THE PROBLEM:
With the pictures omitted, output word for word the lines from the one containing "時崎狂三 兔女郎 Ver" through the end of the records.

INFORMATION PROVIDED:
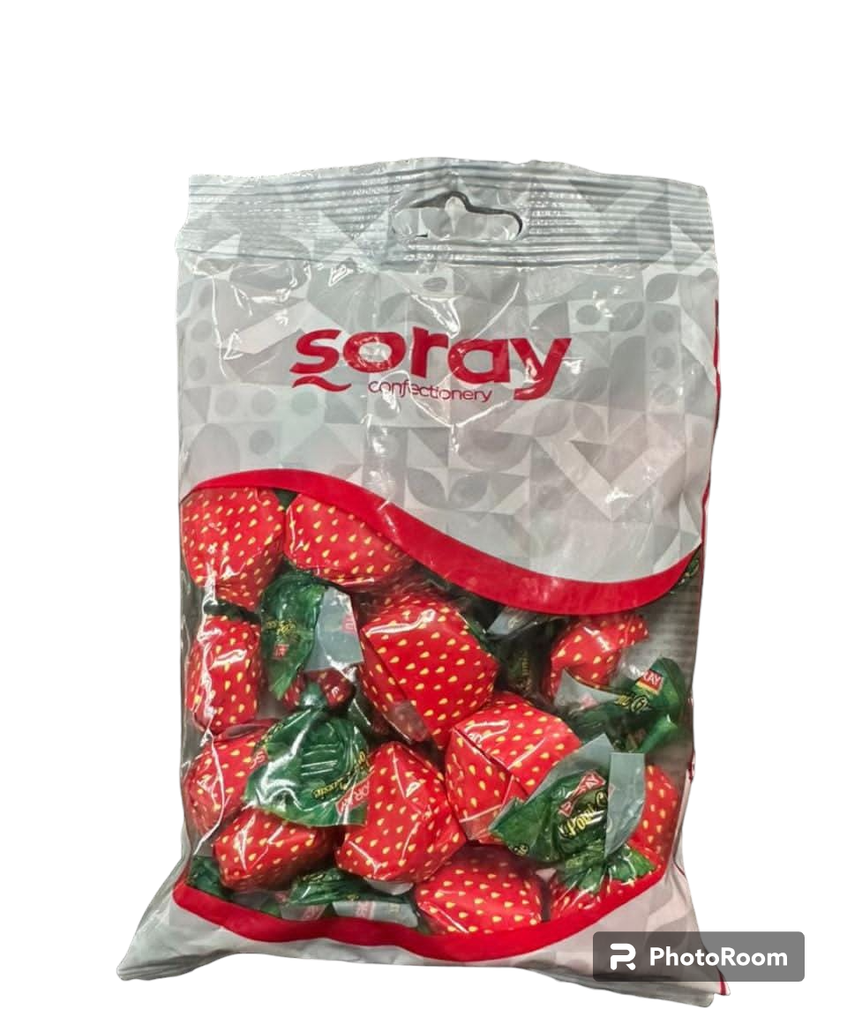 CARAMELOS FRESA SORAY 100g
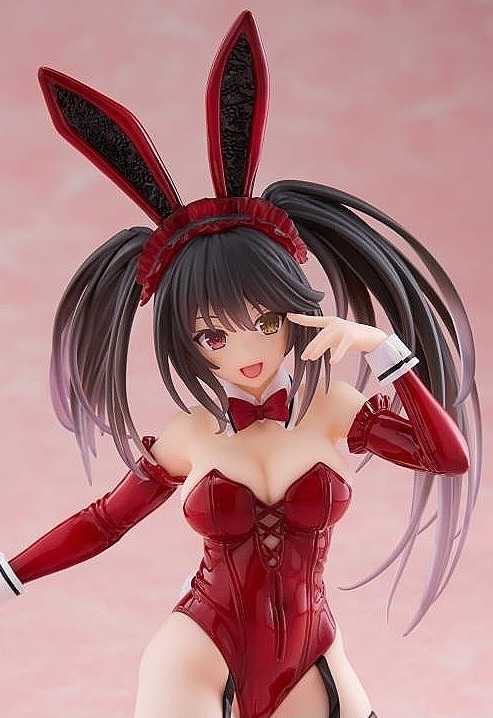 ☆卡卡夫☆ 全新現貨 限量特賣 Taito 景品 Desktop Cute 約會大作戰 時崎狂三 兔女郎 Ver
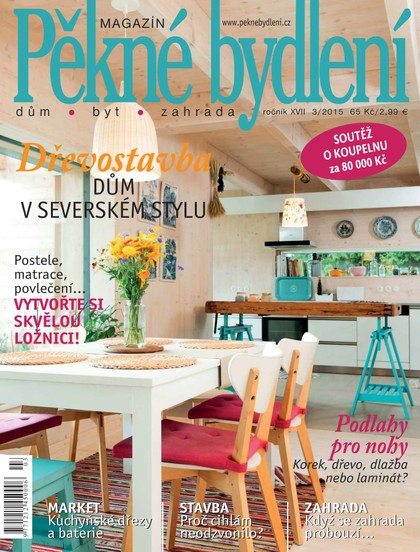 E-magazín Pěkné bydlení 03/2015 - Časopisy pro volný čas s. r. o.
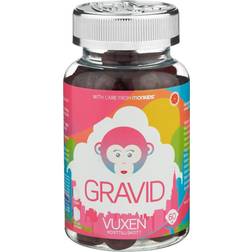 Monkids Gravid Blodapelsin 60 Tabletter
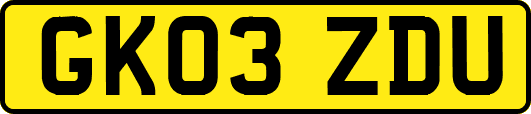 GK03ZDU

ANSWER TO THIS EXERCISE:
 ☆卡卡夫☆ 全新現貨 限量特賣 Taito 景品 Desktop Cute 約會大作戰 時崎狂三 兔女郎 Ver
 E-magazín Pěkné bydlení 03/2015 - Časopisy pro volný čas s. r. o.
 Monkids Gravid Blodapelsin 60 Tabletter
 GK03ZDU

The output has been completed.